---------- Data ----------

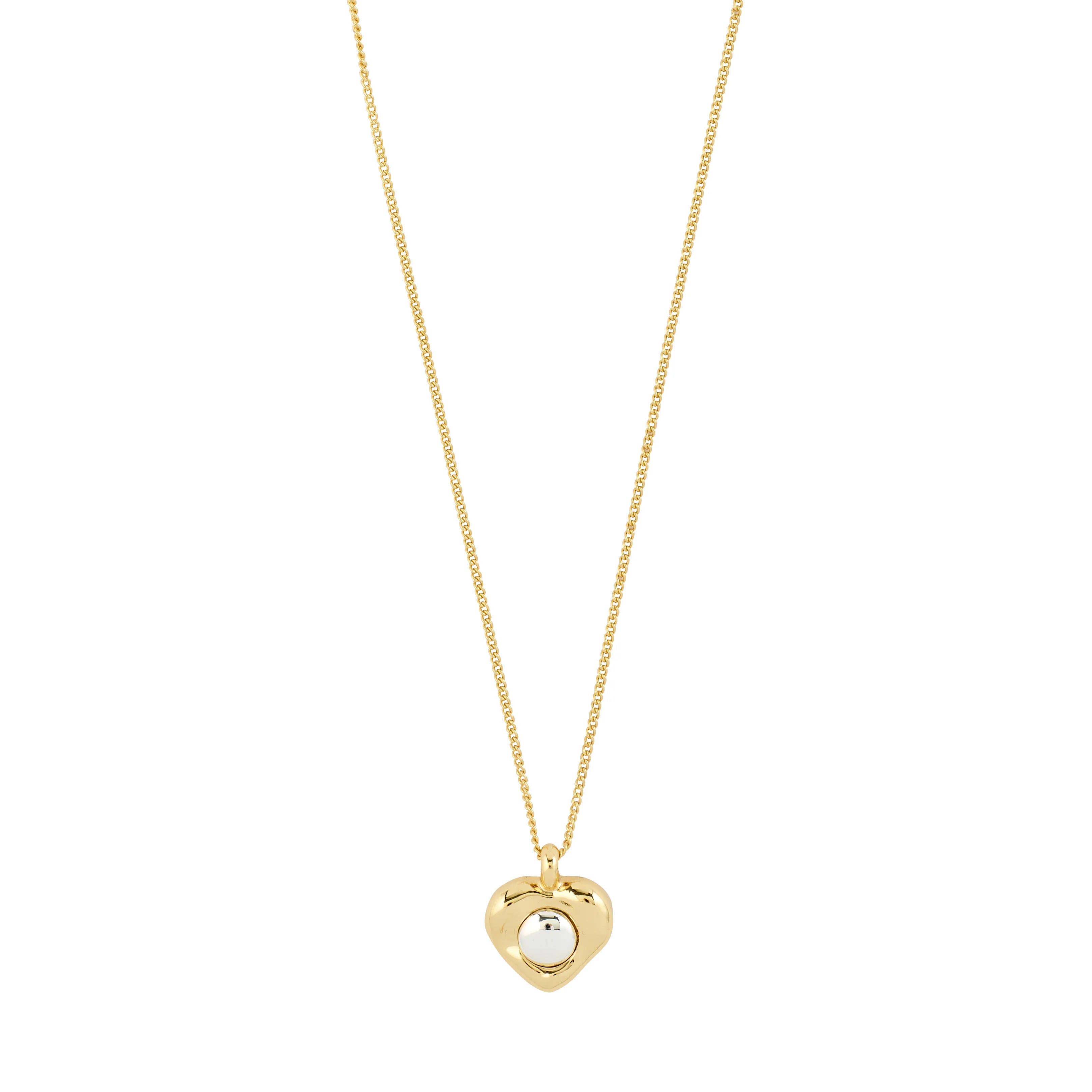 Pilgrim Nova Heart Necklace Gold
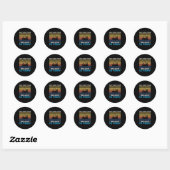 Sticker Rond Fisher Go Fishing (Feuille)
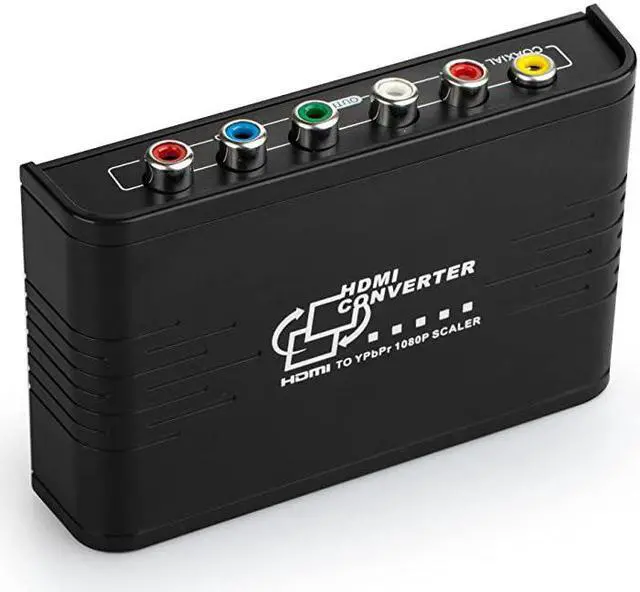 Alt view image 3 of 7 - HDMI to 1080P Component Video YPbPr Scaler Converter Adapter with Coaxial Audio Output + RL Audio Support Windows 10Black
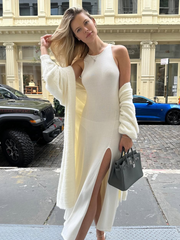 Lila Knit Two-piece Cardigan Set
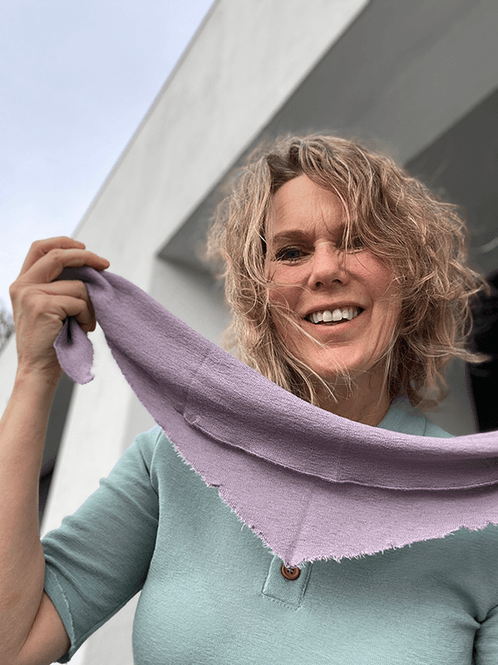 Hovedbilde 1040 TriangelSkjerf (S), Lavender, Merino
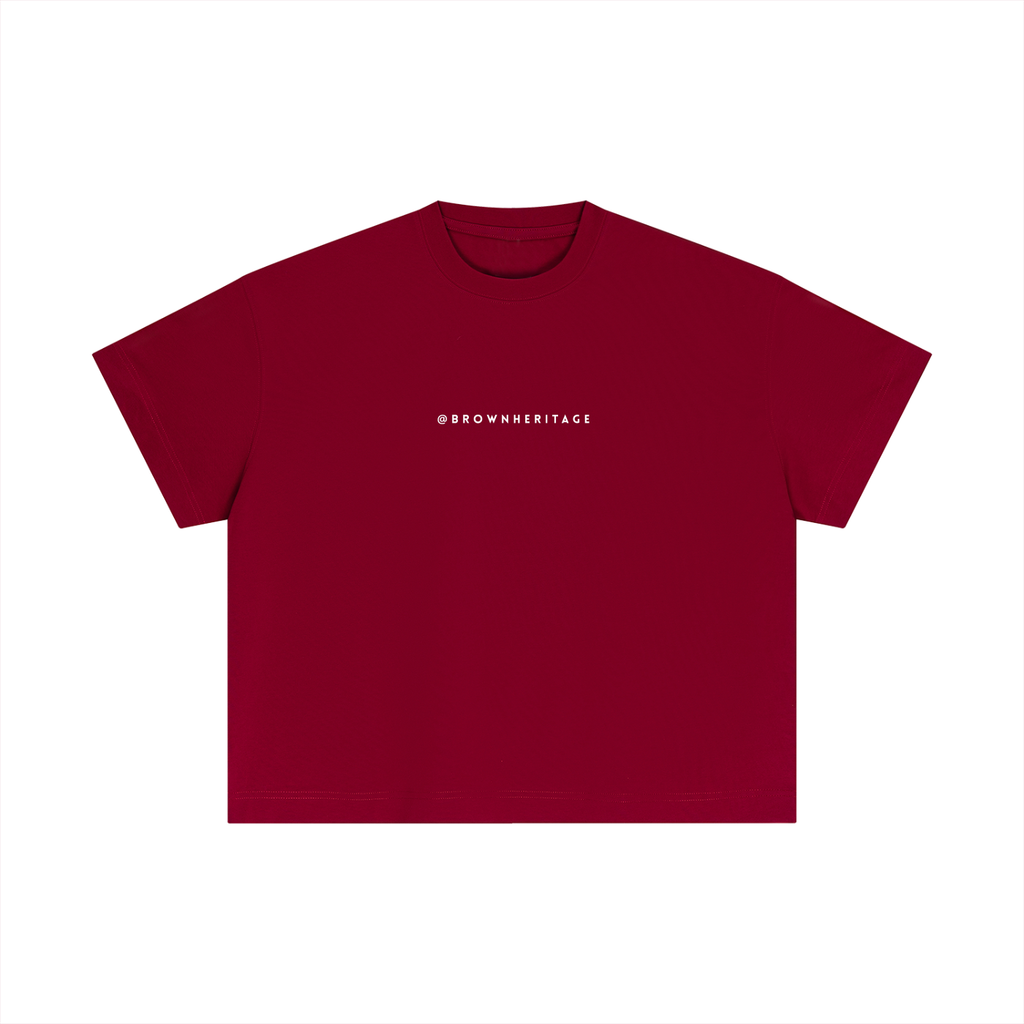 Minimal Brownheritage- Essential Cotton Boxy T-Shirt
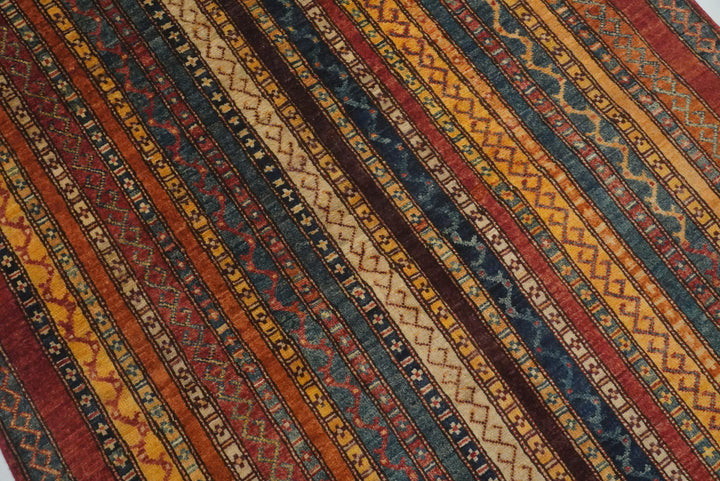 4x6 Red Shawl Hand Knotted Wool Rug - Yildiz Rugs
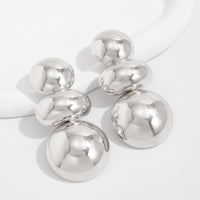 Thumbnail for Exaggerated Circular Oval Splicing Stud Earrings - ArtGalleryZen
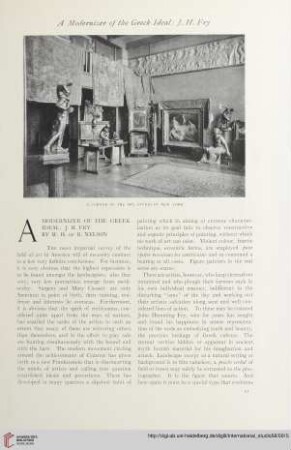 A modernizer of the greek ideal: J. H. Fry
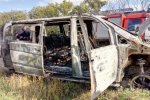 Под Киевом дотла сгорел пассажирский автобус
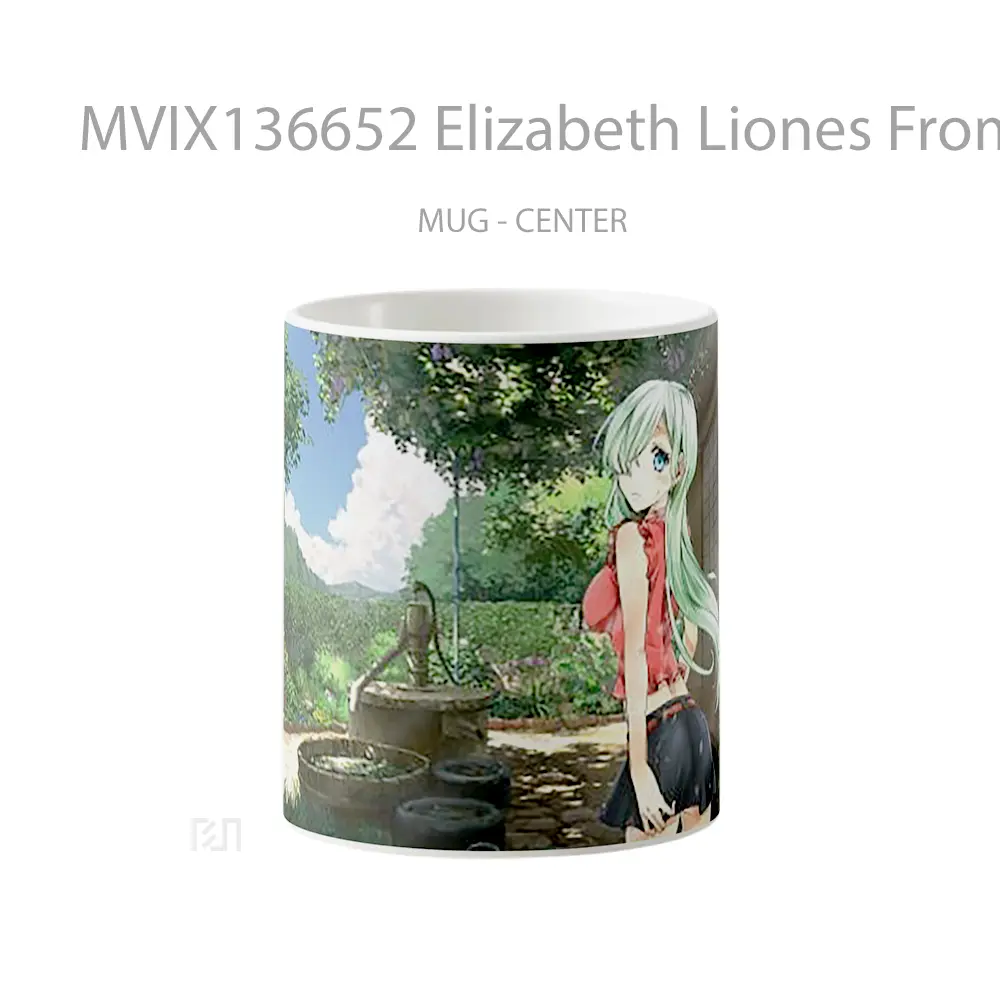 Mug Elizabeth Liones From Seven Deadly Sins Gelas Keramik Unik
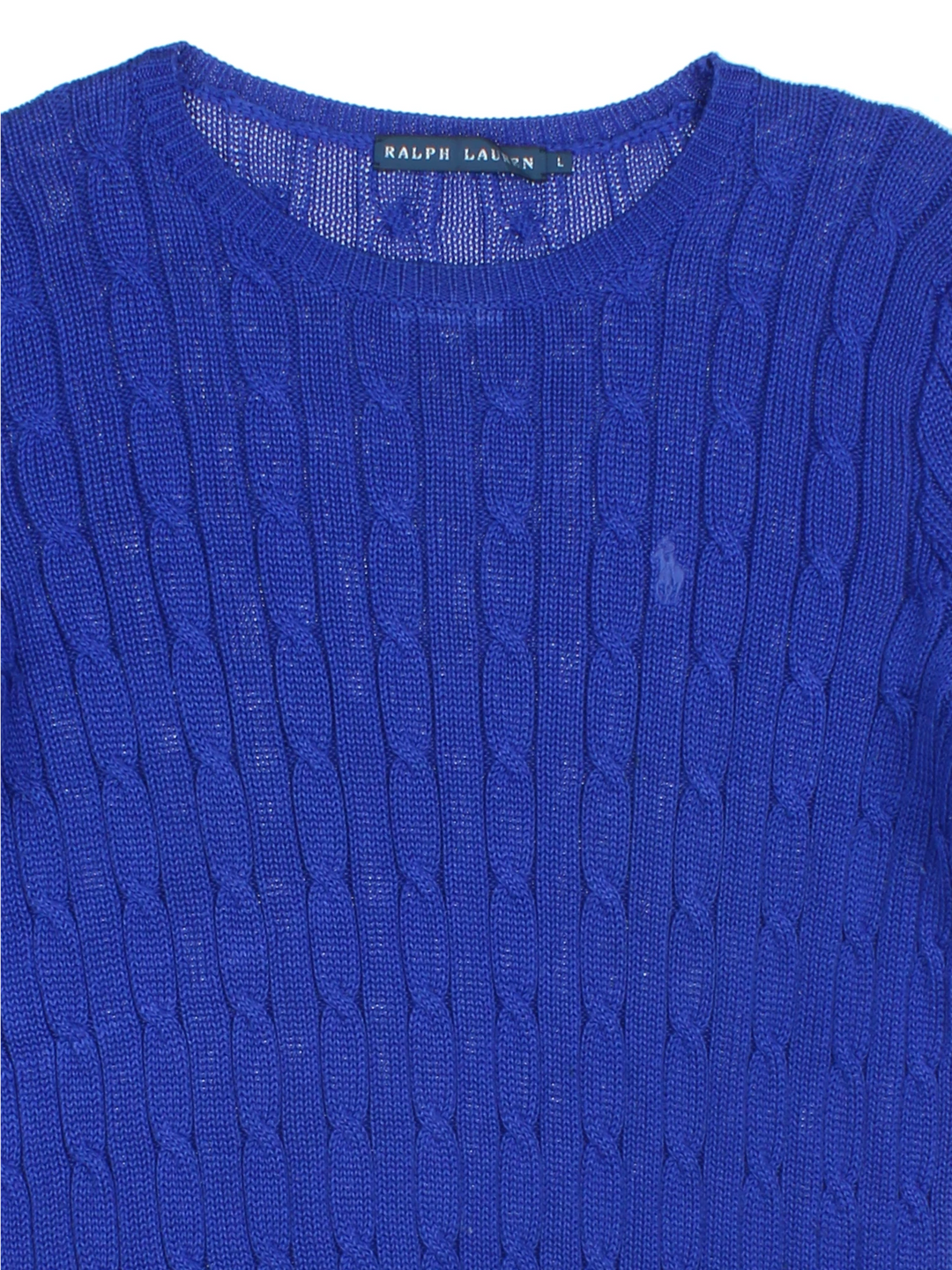 Ralph Lauren Strickpullover mit Zopfmuster (Größe XXS)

----------

[Aim of the exercise]
Nothing but the lines from the one that holds "Hovedbilde 1040 TriangelSkjerf" through the end of the data should appear, written out exactly, without pictures.

[Exercise answer]
 Hovedbilde 1040 TriangelSkjerf (S), Lavender, Merino
 Minimal Brownheritage- Essential Cotton Boxy T-Shirt
 4x6 Red Shawl Hand Knotted Wool Rug - Yildiz Rugs
 Thumbnail for Exaggerated Circular Oval Splicing Stud Earrings - ArtGalleryZen
 A modernizer of the greek ideal: J. H. Fry
 Под Киевом дотла сгорел пассажирский автобус
 Mug Elizabeth Liones From Seven Deadly Sins Gelas Keramik Unik
 Ralph Lauren Strickpullover mit Zopfmuster (Größe XXS)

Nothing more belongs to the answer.